While nurses make up 47% of the healthcare workforce in Canada and provide the bulk of frontline care, less than 17% of leaders in the C-suites are nurses. “As the pandemic and its aftermath made abundantly clear, revitalizing healthcare would benefit from the integration of nurses into the highest levels of decision-making,” asserts Ingram School of Nursing (ISoN) Associate Professor Lynne McVey, RN, MSc(A), FHCMgt. Offered through the ISoN’s Online and Continuing Nursing Education (OCNE) office, her unique three-module introductory course called Executive Education for Nurses is designed to do just that.
“With the endorsement of our School’s leadership, which recognized both the need for and the potential of this course, we launched it last May and offered it again in September. The feedback has been phenomenal,” says Annie Chevrier, RN, MSc(A), Assistant Professor and Director of the OCNE.
Facilitated by Prof. McVey and co-developed with Prof. Chevrier as well as ISoN Faculty Lecturer and curriculum designer Katherine Logue, RN, MSc(A), the course offers a combination of management theory, case studies, discussion, personalized career planning, detailed feedback, and mentoring. As Prof. Chevrier notes, unlike other health management courses, Executive Education for Nurses relies on emerging paradigms on how to navigate the future of healthcare administration, which posit that innovative nurse-led initiatives are well suited to address complex and unpredictable events.
Participants benefit greatly from Prof. McVey’s extensive experience as a chief executive officer (CEO) and from her conviction that well-prepared, confident nurse leaders can help transform our healthcare system as it recovers post-pandemic. “For this to happen, we need to invest in specialized, targeted education and support for career advancement for nurse managers who are interested in attaining chief executive positions and have the educational background and administrative experience to excel in these roles,” explains Prof. McVey. A rich body of evidence links nursing care to positive outcomes on numerous patient, organizational and financial markers. Furthermore, as noted by Prof. Chevrier, nurse managers have a broad range of skillsets and competencies, including an understanding of the scope of all members of interprofessional healthcare teams. “However, the skills that got them this far may not be enough to get them into the C-suites and to succeed once there. Our course introduces them to business administration essentials to gain a competitive edge and a roadmap for how to get there.”

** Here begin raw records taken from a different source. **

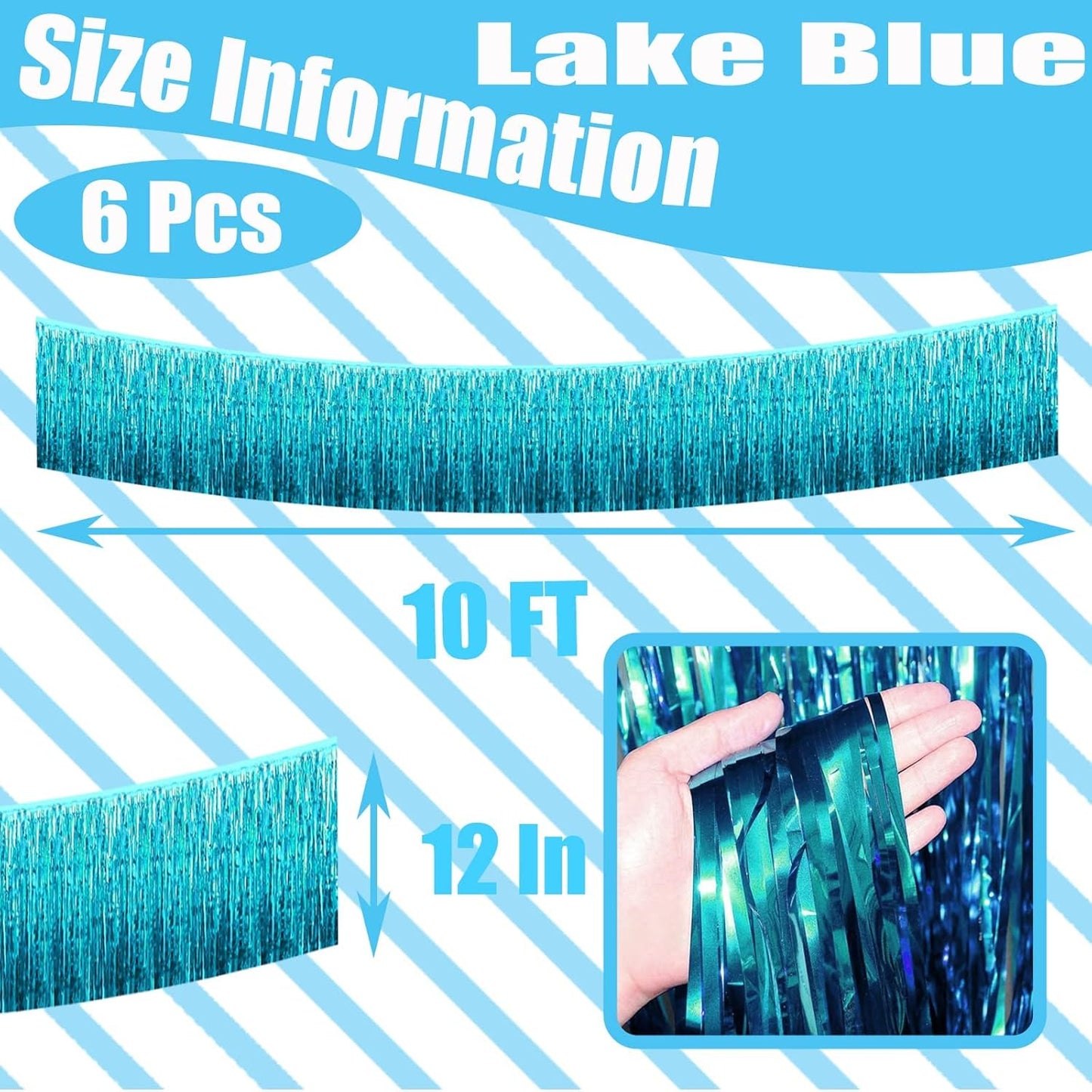 6 Pack 10 Feet Foil Fringe Garland Metallic Tinsel Streamers Banner Wall Hanging Curtain Backdrop Banner for Parade Floats, Thanksgiving, Christmas, Birthday, Halloween Party Decorations(Lake Blue)
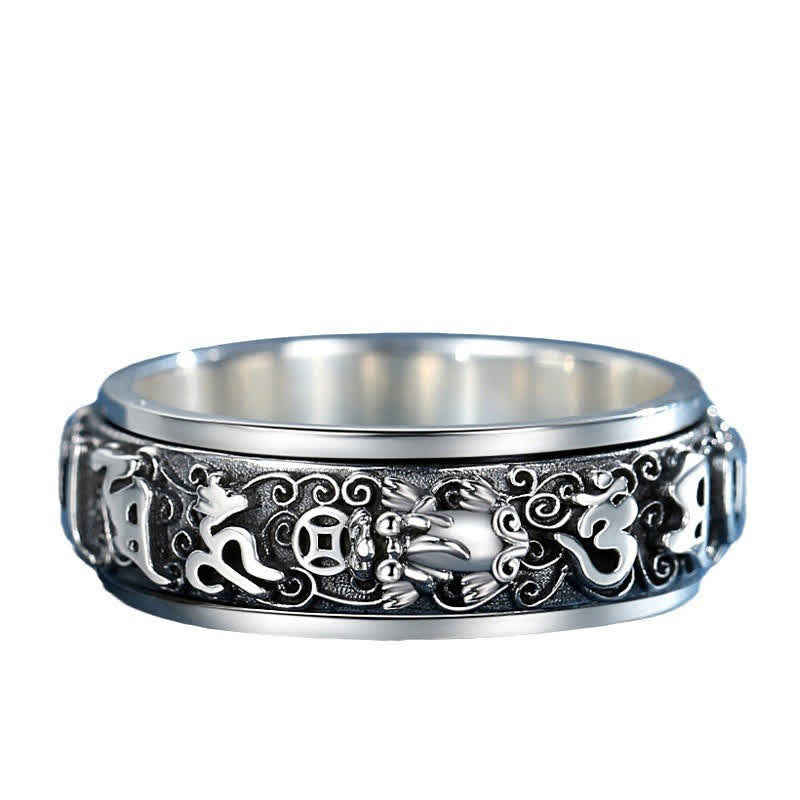 Nimara Ritual Pixiu Om Mani Padme Hum Copper Rotatable Ring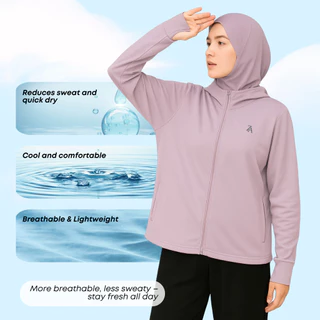 ZOE ARISAH Water Resistance Fernanda Top Hooded Windbreaker Muslimah Jacket Sportswear Baju Sukan New ZOE ARISSA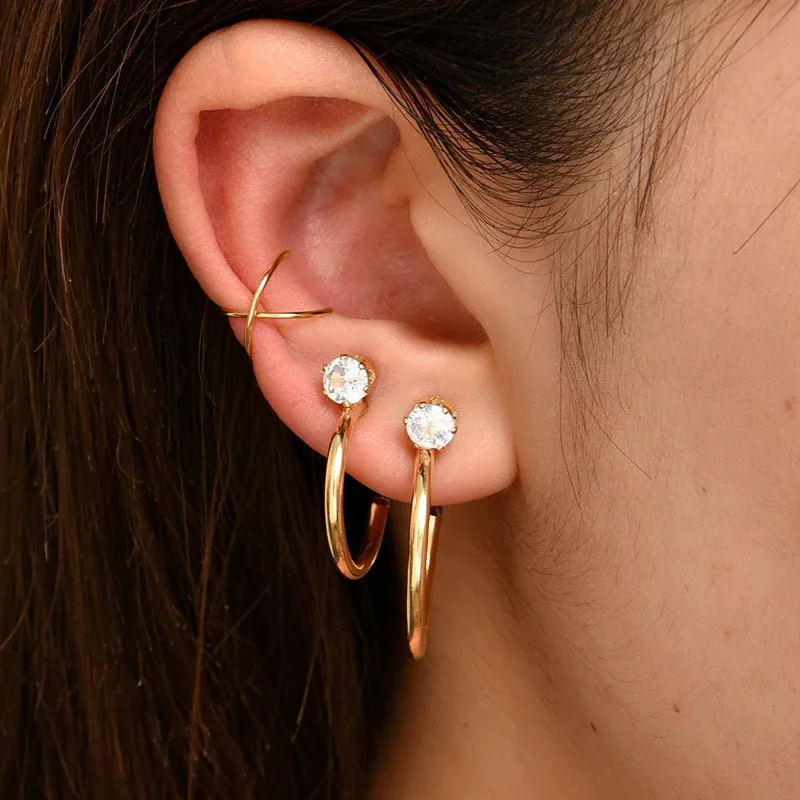 

3Piece/Set Punk Gold Metal Ear Cuff Ear Clip For Women No Pierced C Shape Geometric Small Earcuff Ear Wrap Earcuff Clips Jewelry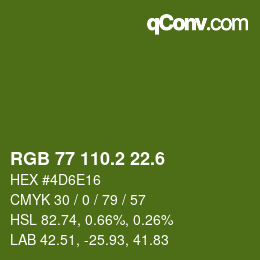 カラーコード: RGB 77 110.2 22.6 | qconv.com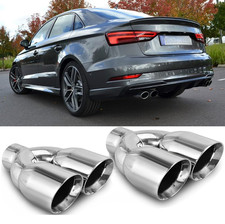 2.5" Auspuffblende Endrohr Edelstahl Doppel Sportauspuff Für Audi A3 8V 1.5 Limo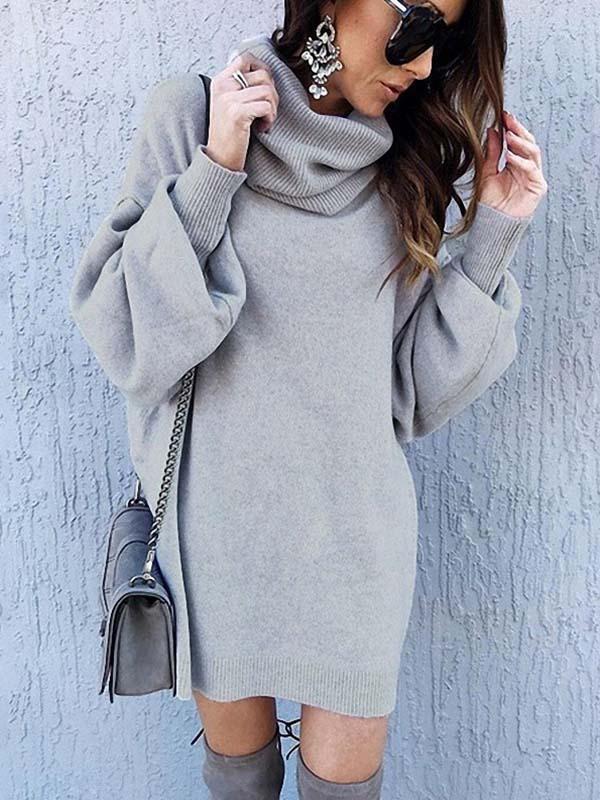 Bellevoga Loose-Fit Turtleneck Dress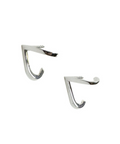 Two chrome hooks on a white background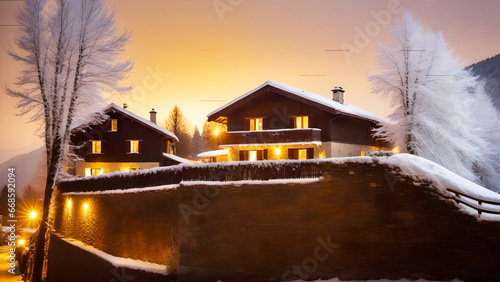 Village in the snqw with warm lights before christmwas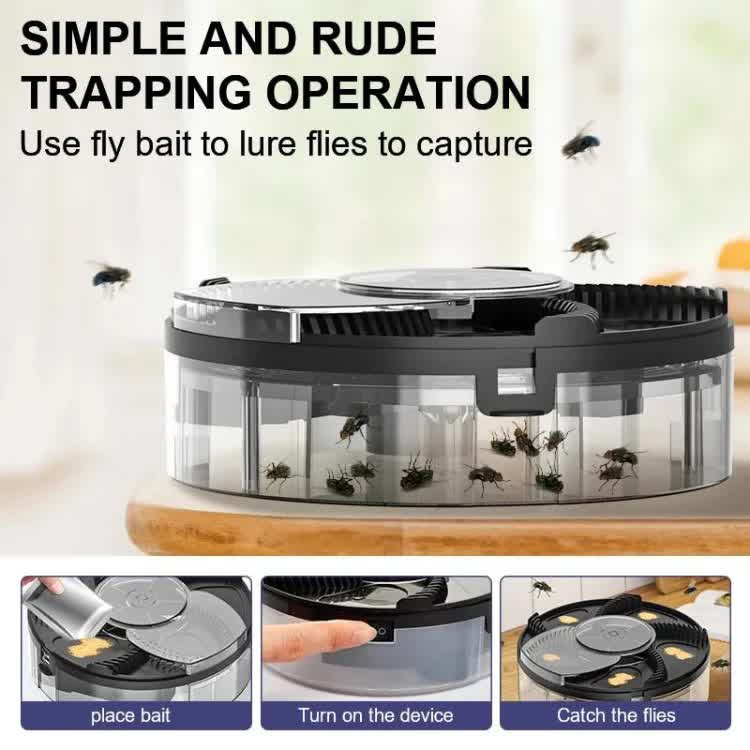 Black Electric Rotating Fly Trap | 360° Efficient Insect Catcher | Indoor Use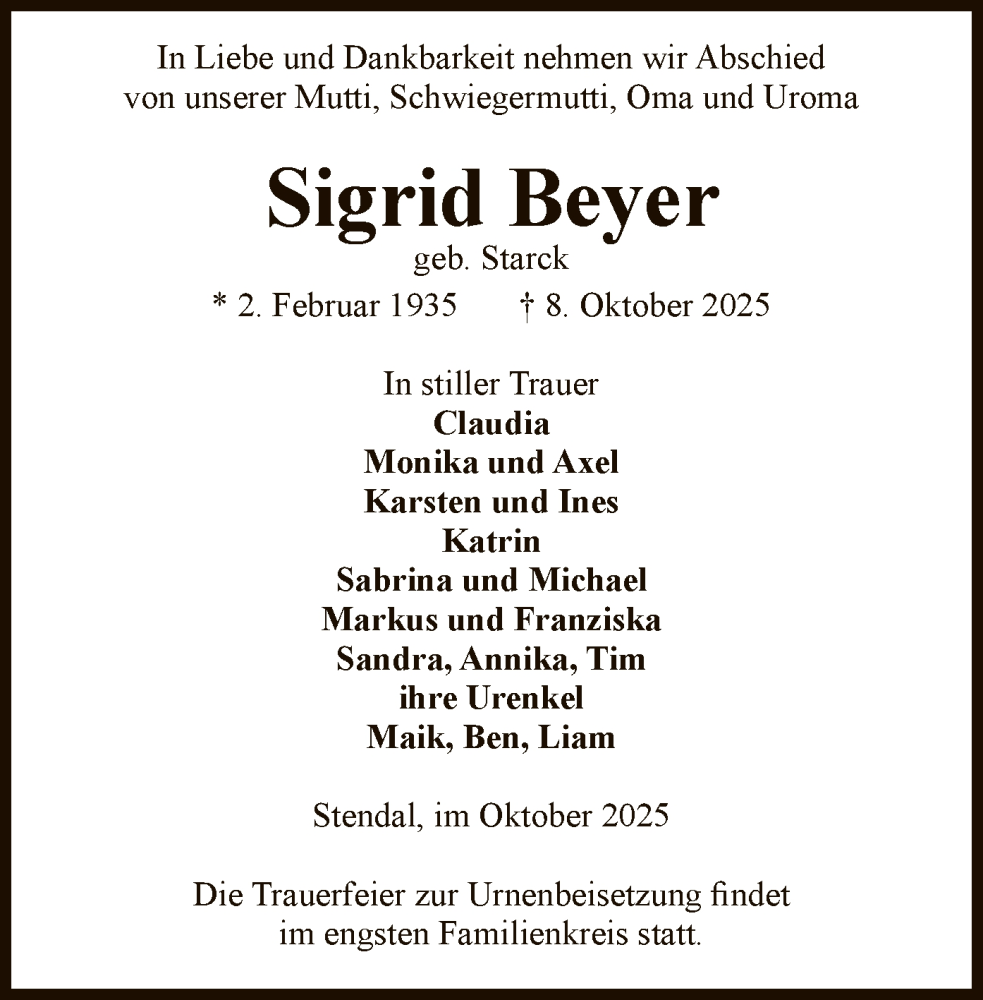  Traueranzeige für Sigrid Beyer vom 11.10.2025 aus AMZ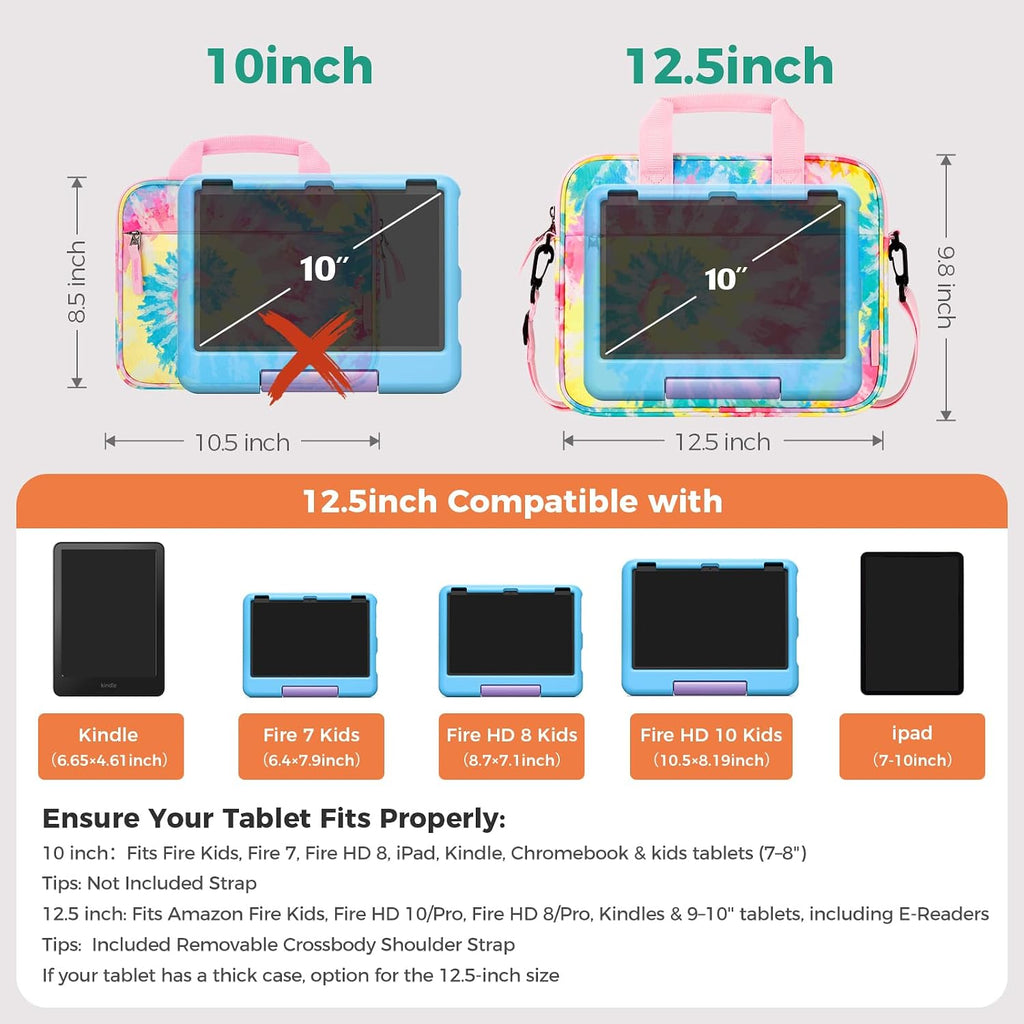 Funda de transporte para tablet Fire HD 8 10 para niños
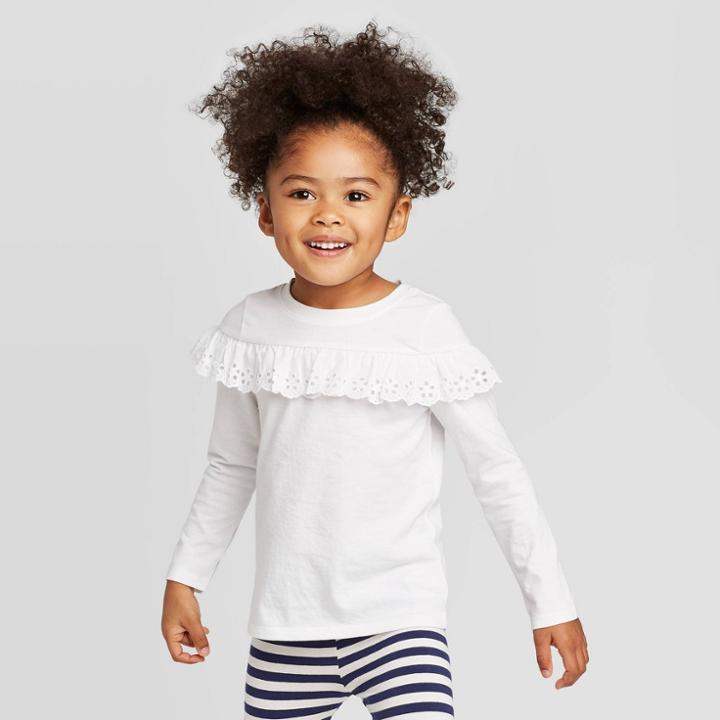 Toddler Girls' Long Sleeve Eyelet T-shirt - Cat & Jack White 12m, Toddler Girl's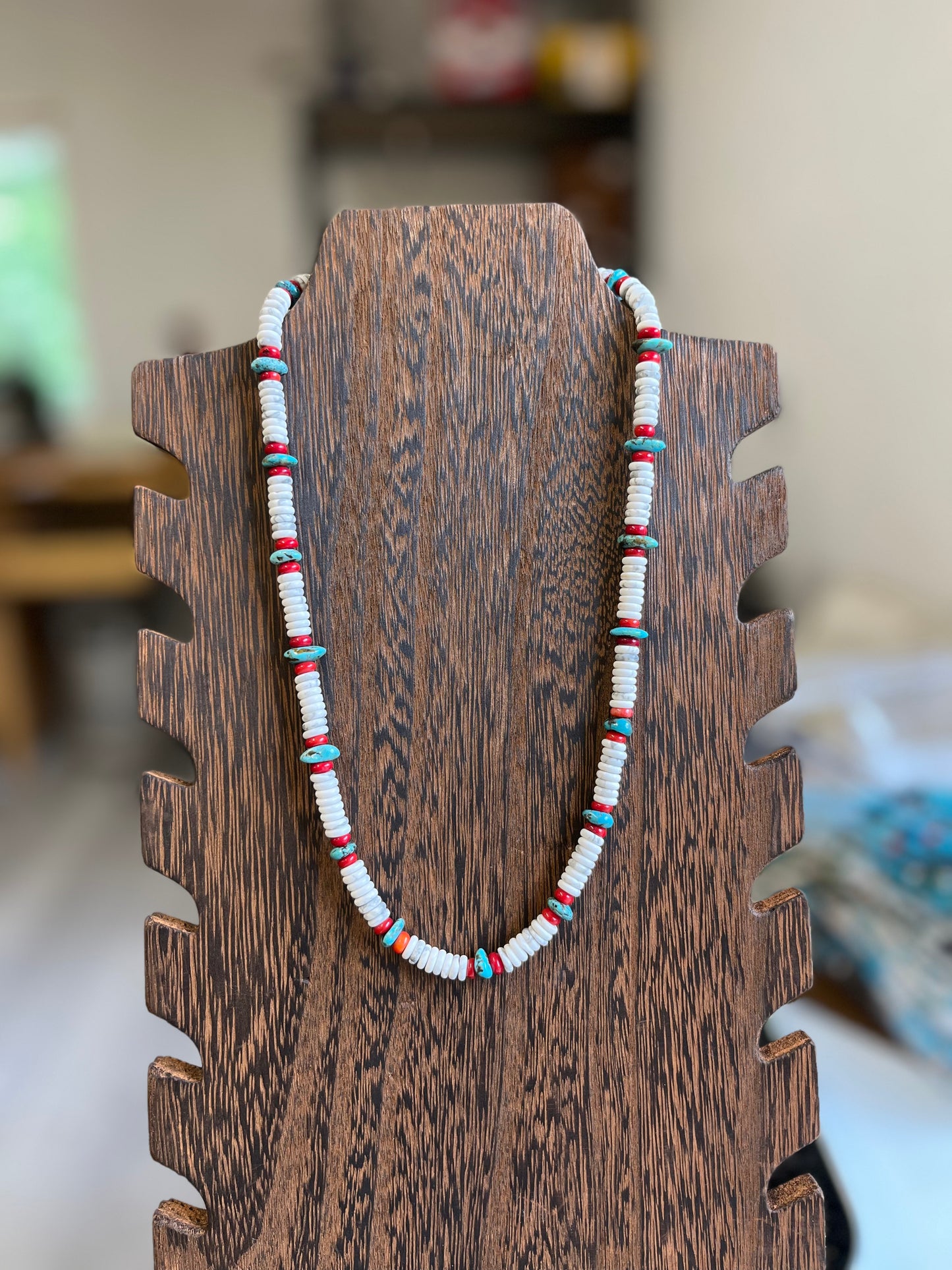 White Buffalo Coral and Turquoise Chip Necklace - 20"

According to the course co-creators, it has been validating to see how many nurse managers aspire to executive and CEO positions. “It has been really interesting to witness the power of networking amongst participants in each session, as they organically connect with like-minded colleagues,” says Ms. Logue.
An experienced Advisory Committee that draws on expertise from other McGill faculties, other universities, and the health network is key to the success of this initiative.
In their evaluations, participants gave the course top marks. When asked to describe the strengths of the course, comments included: “the readings and the exercises help the student develop an executive leadership point of view,” and, “La flexibilité de McGill, le respect envers nous, la qualité des références bibliographique et articles, la stimulation de Mme Lynne McVey et ses ecnouragements à notre égard.”
Course materials have been translated into French, live sessions moderated by Prof. McVey are bilingual and participants are free to express themselves in the language of their choice. The next iteration of the three-session course will be offered in May 2024. A follow-up 10-module series titled Advanced Executive Education for Nurses is being planned for mid-October. This advanced course will explore concepts in greater depth and allow more time for executive skills development, networking and career planning.